Assess for new manifestations such as seizures, changes in tone, & movement disorders.
Development Monitor developmental progress & educational needs.
Neurobehavioral/
Psychiatric
Assessment for anxiety, ADHD, ASD, aggression, & self-injury
Gastrointestinal Assess for signs & symptoms of constipation.
Family/Community Assess family need for social work support (e.g., palliative/respite care, home nursing, other local resources), care coordination, or follow-up genetic counseling if new questions arise (e.g., family planning).
Musculoskeletal Physical medicine, OT/PT assessment of mobility, self-help skills; clinical eval for joint hypermobility
Clinical eval for kyphosis &/or scoliosis
Eyes Complete ophthalmology evalAt least annually
Hearing Audiology eval

OT = occupational therapy; PT = physical therapy

Evaluation of Relatives at Risk

See Genetic Counseling for issues related to testing of at-risk relatives for genetic counseling purposes.

Pregnancy Management

In general, women with epilepsy or a seizure disorder of any cause are at greater risk for mortality during pregnancy than pregnant women without a seizure disorder; use of anti-seizure medication (ASM) during pregnancy reduces this risk.

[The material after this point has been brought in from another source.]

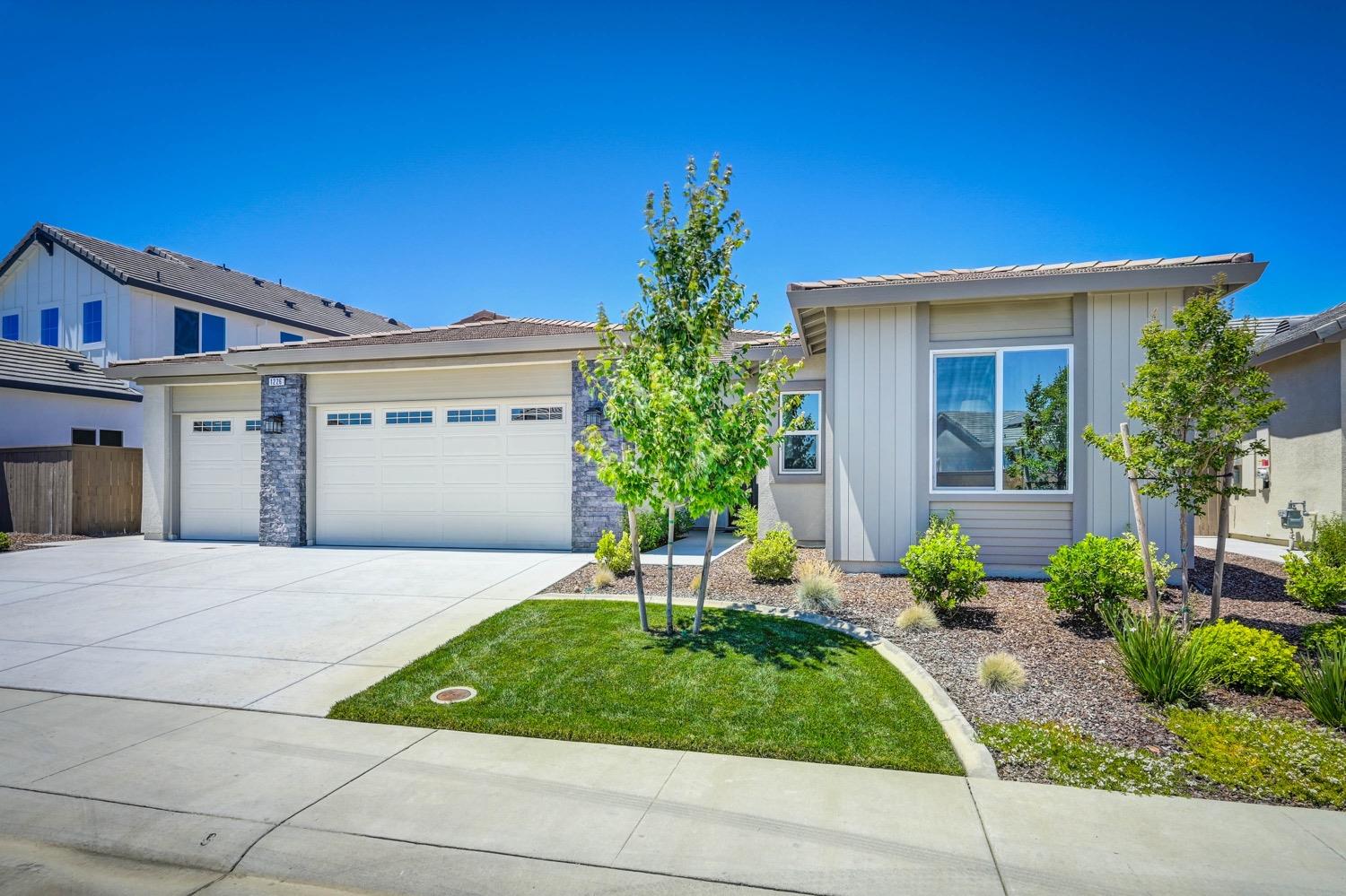 Detail Gallery Image 1 of 1 For 1226 Buck Ridge Dr, Rocklin,  CA 95765 - 3 Beds | 3 Baths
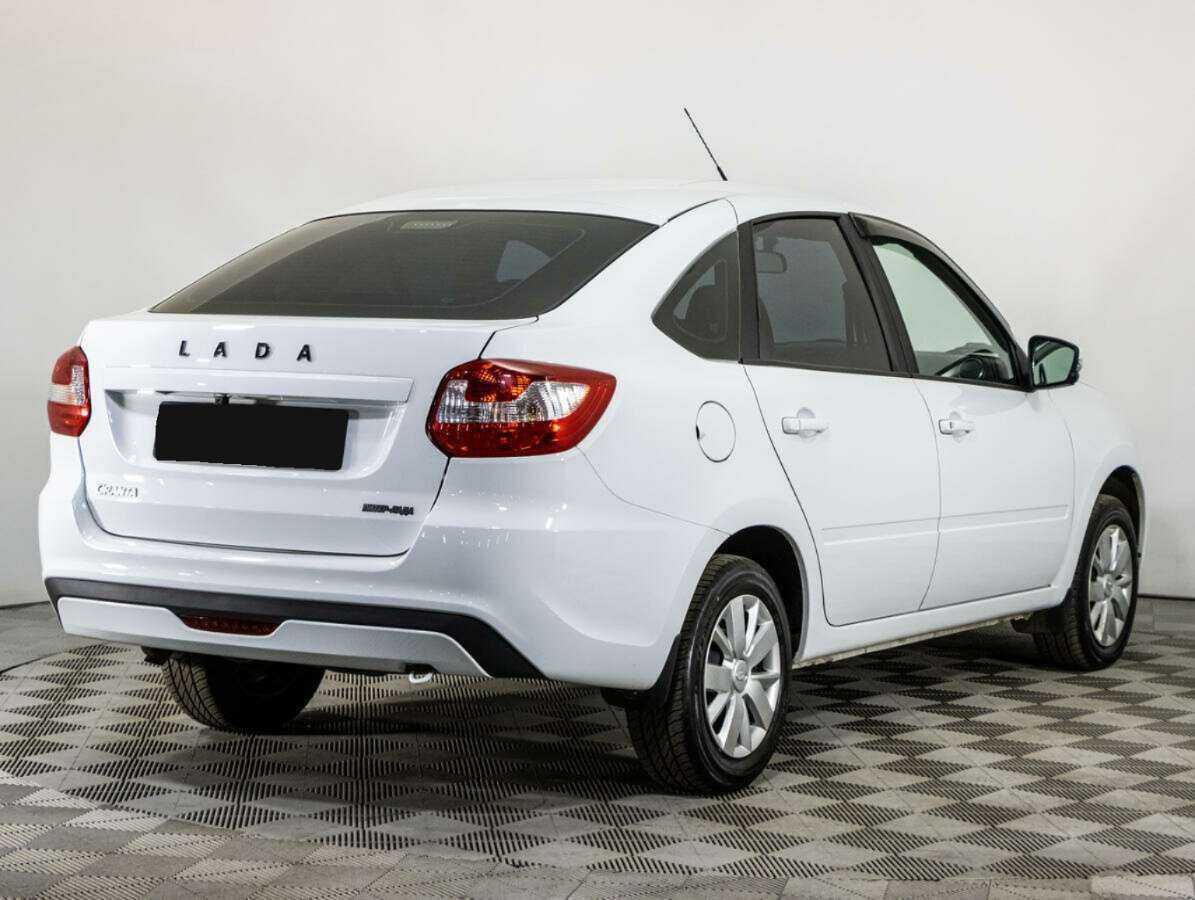 Б/У Лада (ВАЗ) Гранта 2022 года. Фото: #4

However, exposure to ASMs may increase the risk for adverse fetal outcome (depending on the drug used, the dose, and the stage of pregnancy at which medication is taken). Nevertheless, the risk of an adverse outcome to the fetus from ASM exposure is often less than that associated with exposure to an untreated maternal seizure disorder. Therefore, use of ASMs to treat a maternal seizure disorder during pregnancy is typically recommended. Discussion of the risks and benefits of using a given ASM during pregnancy should ideally take place prior to conception. Transitioning to a lower-risk medication prior to pregnancy may be possible [Sarma et al 2016].

See MotherToBaby for further information on medication use during pregnancy.

Therapies Under Investigation

Search ClinicalTrials.gov in the US and EU Clinical Trials Register in Europe for access to information on clinical studies for a wide range of diseases and conditions. Note: There may not be clinical trials for this disorder.

Genetic Counseling

Genetic counseling is the process of providing individuals and families with information on the nature, mode(s) of inheritance, and implications of genetic disorders to help them make informed medical and personal decisions. The following section deals with genetic risk assessment and the use of family history and genetic testing to clarify genetic status for family members; it is not meant to address all personal, cultural, or ethical issues that may arise or to substitute for consultation with a genetics professional. —ED.

Mode of Inheritance

TET3-related Beck-Fahrner syndrome (TET3-BEFAHRS) is an autosomal dominant disorder; individuals with a TET3 pathogenic variant are affected.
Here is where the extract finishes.